Nov. 4th, 2004

cabbitzilla: (Default)
*exhale*
I've prowled the web today, for a sizable chunk of it with my chat client turned off so that I could focus. What I'm finding is disturbing... more disturbing to me than the results of the election. After months of some of the ugliest campaign mudslinging I've ever seen, months of rage and vitriol, the election's over.
And the hate still flows.
I can't honestly say I 'hate the Republicans'. I have a major issue with some of the things done and attempted by the Bush administration... but I don't know of a single president who's been completely acceptable to me. The issues I have with the previous-and-now-incoming-again administration have much to do with things like the separation of church and state, wholesale discrimination, and attempts to ram those prejudices down the throats of everyone who lives here in the U.S. They're more serious than the grievances I've had with other presidents, at least to my mind, but hate is not what burdens my heart.
It's fear.
Fear that, with four more years to play in, attempts to engrave the marginalizaton of every non-Christian American will resume with more success than past attempts. Fear that the war-inclined individuals within Bush's cabinet will again get his ear. Fear that the divisiveness now present among the citizens of the country will escalate to violence and turn us against each other.
Fear that the hate is now etched so deeply that it won't abate.
I've made no secret of my desire to pry Bush out of office, but just as I'm stuck -here-, we're stuck with a second term. The task now is to make the best of what's there; giving up is anathema to me. It wasn't enough armor to keep my spirits from plummeting as I scanned news pages and activist group postings, though, staring at the viciousness and ill intent with growing horror. There doesn't seem to be a lot of 'well, this is the answer we got, now let's see what we can make of it' sentiment. I've seen a half dozen pages of people calling for armed rebellion...
Because everyone knows what we need is another war to bring us all together, right?
The post I made previously, with the Election Pledge and my thoughts on it, was intended to be an elaboration of the 'see what we can make of it' sentiment above. The bleakness I was dealing with in my mind and heart gave it a much darker and resentful tone than I'd intended, but there it is. Many thanks to [livejournal.com profile] jhyanmar, [livejournal.com profile] rowandoll, [livejournal.com profile] articcub, [livejournal.com profile] wibbble, [livejournal.com profile] corona688, [livejournal.com profile] foxeryn, and [livejournal.com profile] trajan_lj, in no particular order, for helping me work through the blue that nearly swallowed me; I don't know why you guys put up with me, but I'm awfully glad to have you around.
All of you are family, along with a handful of others. More dear to me than anything else I know.
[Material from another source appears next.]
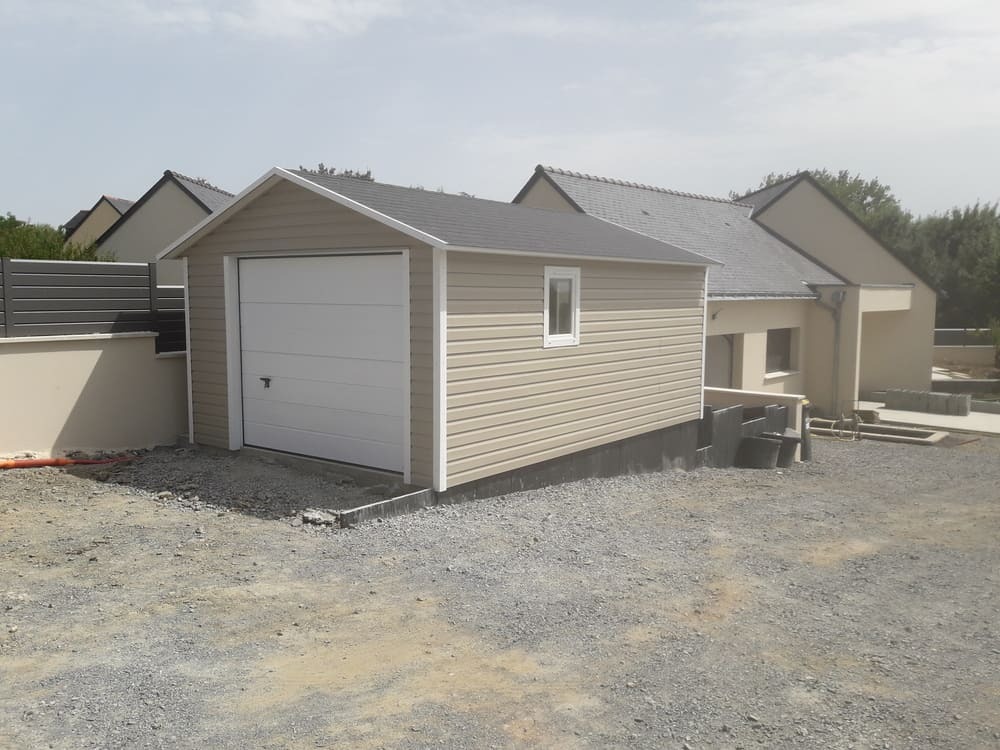 garage pvc 20m avec porte sectionnelle 3m77x5m25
The moral of the story? Life goes on. I have serious doubts that we're all going to perish in a 'cacophony of blood and violence', as one website insisted. I worry, yes. I'm not comfortable with the militantly single-minded beliefs of the religious right, and the clout they seem to have via Bush. But I refuse to give up. I may sound blue, depressed, frightened... but I won't surrender. It's true that I don't have the option of leaving, yes. It's true that I've pondered it on more than one occasion, yes. But if I'd thought it were even a moderately serious option, I wouldn't have spent the last six weeks packing, sorting, and moving into this apartment. Especially in the last few years, I've taken to a deliberately spartan use of my time and energy; there's no longer an unlimited supply, and there're certain things I need to get done. With the help of some folks very dear to me, I think I've got my head back out of the sand. Let's go see what's around the corner, shall we?
[gump] And that's all I've got to say about that. [/gump]
cabbitzilla: (RO)
The day has not started well. No, not at all. At 5AM this morn, a stack of boxes collapsed, dropping a full box of books onto a box that contained some of my more obscure music... all of it things that I'd found after the move began, so they hadn't been ripped to the G3 yet. Twenty nine albums smashed to shards, along with two of my porcelain penguin figurines, a vase I'd picked up in Oklahoma, my bloodstone necklace and ring, and three of my candle cups and figures. I sifted the box for hours, trying to get everything that's broken at least written down so that I can try and replace it somewhere down the road... and then braved the rain to drop the remains into the dumpster.

So, yes, I'm here. It's raining, which is bleh. But I'm up, awake, mostly alert. I need to find a couple more boxes to unpack; I know there's at least two more boxes of books out there somewhere. I also need to do something foodlike. *shakes her head* So this'll be a short post. Yes, I know I've been long winded of late. Sorry.